Kat, labeling people is _not_ useful. When you label someone, you disparage them, and brand them in a simple way that might not describe how they actually are. A label leaves out all the nuance.
I am not a troll. Not at all. My interest is always intellectual - not emotional. I am a scientist at heart (and by training). I seek the truth. When I am shown to be wrong, I pivot immediately to embrace the truth.
The trans issue is one that I have taken an interest over the years because my step son influence a number of his friends to declare that they were trans. I do not have a personal stake or interest in the issue - my interest is strictly intellectual.
I have heard every argument that the trans community uses, and have not heard anything that is not easily explained by the view that many trans people suffer from a compulsive disorder. I have a minor compulsive disorder, so I have experience with that.
A compulsive disorder is very real. It is not imagined. Those who have one should not be mistreated.
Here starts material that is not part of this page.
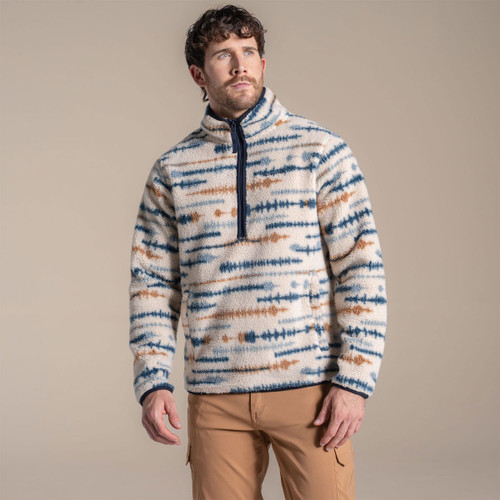 Man wearing beige fleece pullover with blue and brown striped pattern, quarter zip, and high collar. Man wearing beige fleece pullover with blue and brown striped pattern, quarter zip, and high collar.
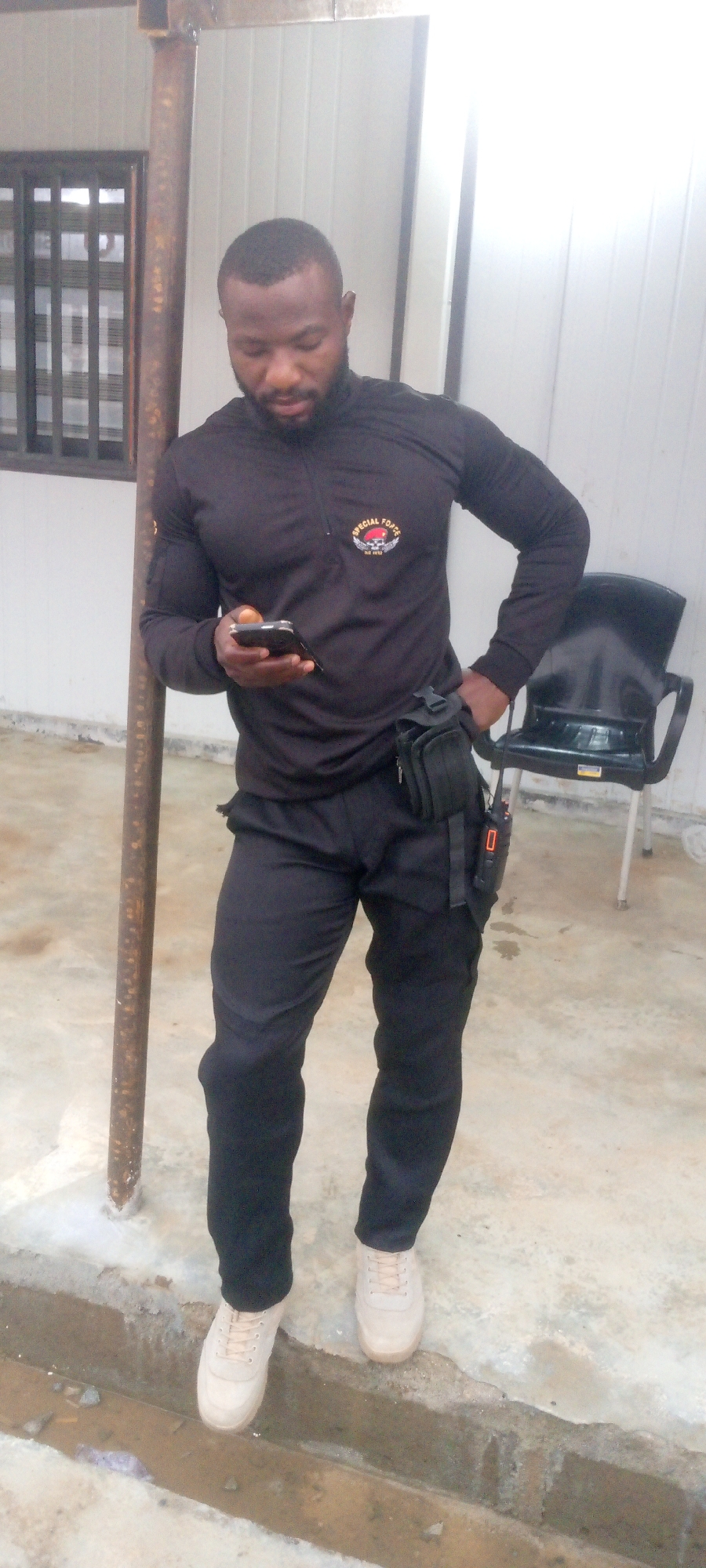 A full-body, vertical shot captures a dark-skinned man standing in what appears to be an outdoor setting, possibly the city of Indo, Nigeria. He is leaning against a rusty metal pole. The man is wearing a black, long-sleeved, quarter-zip shirt with a patch on the left chest that reads "SPECIAL FORCE." He also wears black pants with a utility pouch attached to his left hip. The pouch has a radio clipped to it. He holds a smartphone in his right hand, looking down at it. His feet are clad in light-colored sneakers. In the background, a black plastic chair is visible, and to the left, a window with horizontal slats is set into a light-colored wall. The ground is a mix of concrete and a dirt/gravel trench filled with murky water. The lighting suggests it is daytime, with some harsh shadows.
One can alleviate the anxiety of a compulsion by performing the behavior. I support the right of trans people to claim a different "sex" in order alleviate their anxiety. That is a good thing.
One argument often used by trans people is that they "must" be, say, a "woman" because they "feel like a woman". That makes no sense to be, because if one's sex is only one's reproductive capabbility and nothing else, then there should be no such thing as "feeling like" any particular sex. I am a man (reproductively), but I don't "feel like a man". I just feel like me. I don't know what a trans person means when they say they "feel like a man" - to me that is like saying you "feel like a tomato" - I don't get it.
I don't get it because I feel no anxiety about who I am. But a comulsion can easily explain the trans phenomenon. That explanation is resisted by the trans community because they want it to be political: they want to "normalize" the condition.
Science has shown that our bodies are complex. There are many traits that are more or less common among males or females, respectively, but just because someone has, say, a brain trait that is more common in females does not make that person a female. They are a female if they have female sex organs.
I believe that if I were growing up today, I would conclude that I am a woman, because I have traits that are common among women: I tend to relate better to women, I don't like most typical male activities and my attitudes tend to be more feminine about many things. But I feel no anxiety about that. I don't "feel like a woman" - I feel like me. No label. No anxiety. Because I don't have a compulsive disorder.
Having a compulsive disorder does not make one a bad person. It is just something to deal with, and if the best way to deal with that is to masquerade as a female or a male, I am all for that.
But what if there were a simple fix? What if the compulsion could be treated? What if all the anxiety could be taken away?
We need to be careful to not make trans like the deaf community. There are now cures for deafness, but the deaf community does not like that, because they want deafness to be normalized. They want to perpetuate deafness. Any movement seeks to perpetuate itself.